L’opera di Salieri che si vede nel film è “Axur re d’Ormus” (1788, citata nei titoli di coda), che venne data in prima esecuzione a Parigi con il titolo di “Tarare”, su testo di Beaumarchais. E’ un’opera del tutto dimenticata; di Salieri si ricordano meglio altre opere, come “Armida”, e soprattutto “Europa Riconosciuta”, che inaugurò la Scala nel 1778, e “La grotta di Trofonio”, 1785, una commedia brillante dalla quale presero spunto Mozart e Da Ponte per il “Così fan tutte”: l’intreccio è molto simile, ma nell’opera di Salieri è un mago (Trofonio) a causare lo scambio di coppie. Altri titoli curiosi nella produzione di Salieri sono un “Falstaff”, del 1799, e il celebre “Prima la musica e poi le parole”, del 1785, su testo del suo collaboratore abituale, l’abate Casti, parodia molto brillante del mondo operistico. Ne consegue che è giusto mostrare “Axur” come un’opera molto statica, “ingessata”; ma non tutto Salieri è così, e anzi la commedia ha molto spazio nella sua produzione teatrale.
 

Non esisteva un dualismo tra Mozart e Salieri, ma piuttosto una competizione, una rivalità, fra molti musicisti (non solo due) che ambivano a posti che davano sicurezza economica e prestigio sociale, come quello di compositore di corte. Era un’epoca in cui non c’erano né radio né tv né cinema, non si registravano i suoni, non c’era nemmeno il campionato di calcio: il teatro era la principale attrattiva, e i ricchi che potevano permetterselo pagavano bene. La competizione, il dualismo, non erano riservati solo ai musicisti: due persone molto vicine a Mozart e a Salieri furono l’abate Casti e Lorenzo Da Ponte, sui quali esiste una vasta letteratura. L’abate Casti fu poeta di corte, carica alla quale ambiva anche Da Ponte.

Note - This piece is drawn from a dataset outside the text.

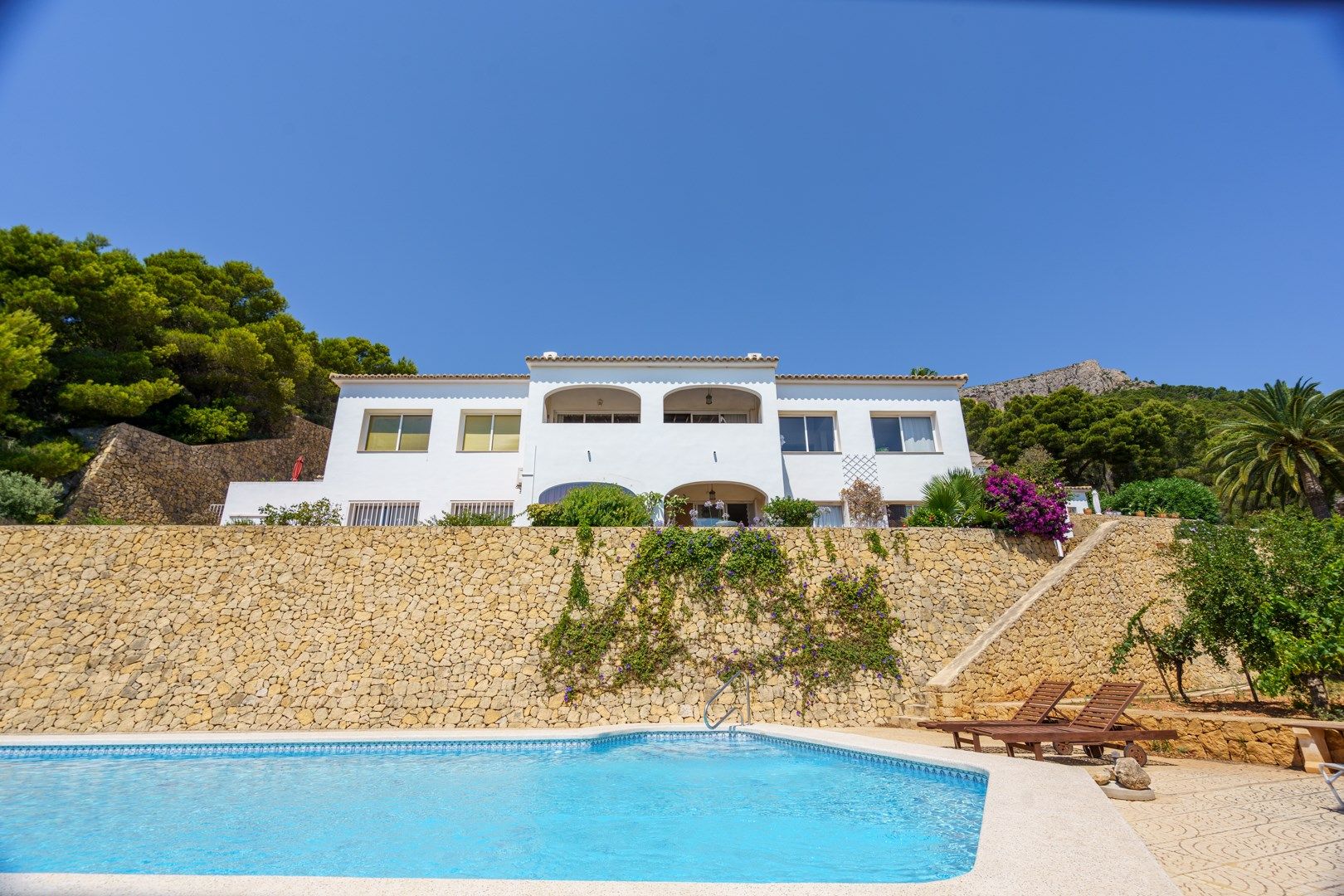 Chalet adosado con impresionantes vistas panorámicas al mar y a la majestuosa montaña del Peñón de Ifach.
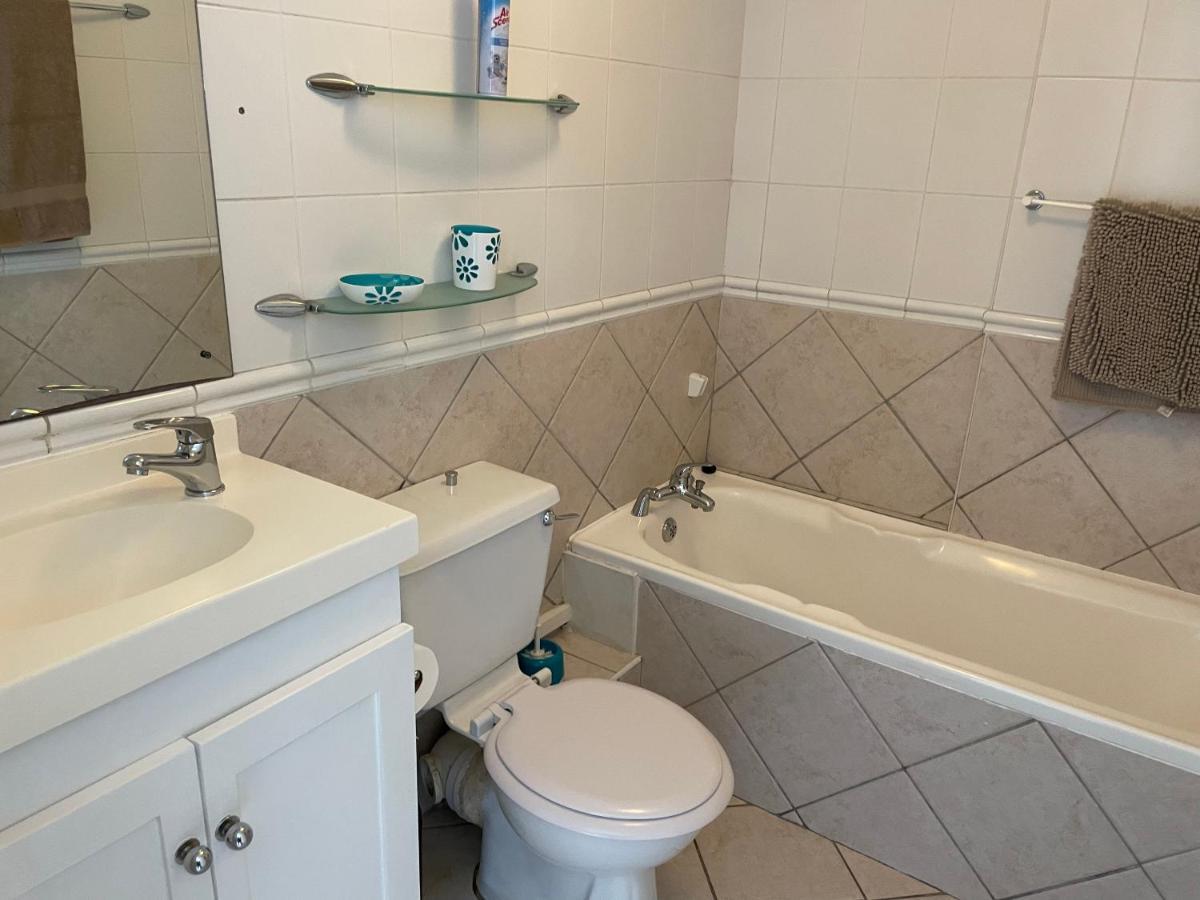 Ocean View B1001 Apartment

In conclusione, un gran bel film, molto godibile e divertente, che ebbe il pregio di far conoscere Mozart anche a chi non ne sapeva nulla; ma che dal punto di vista storico va preso con le dovute cautele. E’ comunque molto importante la riflessione di fondo, quella sull’invidia verso il talento: a tutti noi penso che sia successo di impegnarsi a fondo per riuscire in qualcosa, e poi vedere un altro (magari un bambino) che esegue con facilità estrema quello che a noi costato così tanta fatica, e lo fa anche molto meglio di noi. Ma questa è una riflessione che si può fare anche da soli, guardando il film e senza consultare i libri di storia. Buona visione, “Amadeus” è davvero un film per tutti.